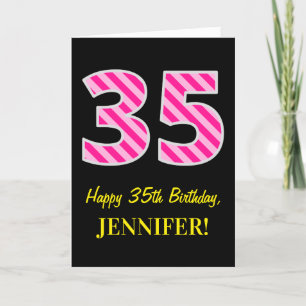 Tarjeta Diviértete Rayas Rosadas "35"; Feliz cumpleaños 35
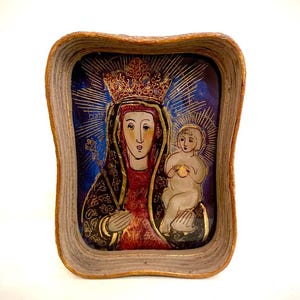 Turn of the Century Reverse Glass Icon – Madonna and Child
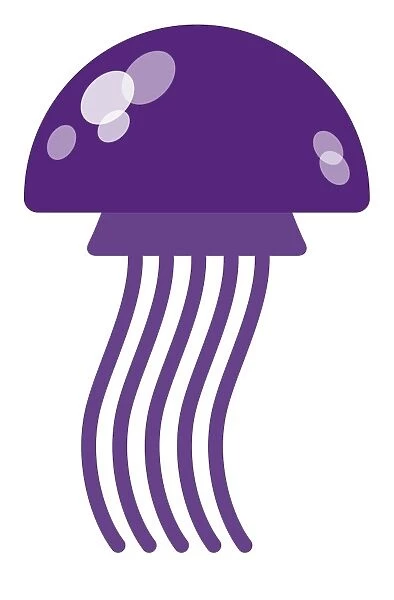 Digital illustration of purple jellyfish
━━━━━━━━━━━━━━━━
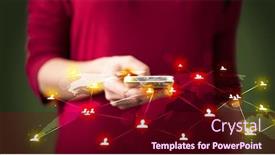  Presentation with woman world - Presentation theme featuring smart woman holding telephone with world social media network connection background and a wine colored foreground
━━━━━━━━━━━━━━━━
### [Assignment]
The reply should hold exactly the lines above, starting at the line with "Tarjeta Diviértete Rayas" and ending at the line with "Digital illustration of purple jellyfish", and no pictures.

### [Answer area]
 Tarjeta Diviértete Rayas Rosadas "35"; Feliz cumpleaños 35
 Turn of the Century Reverse Glass Icon – Madonna and Child
 Digital illustration of purple jellyfish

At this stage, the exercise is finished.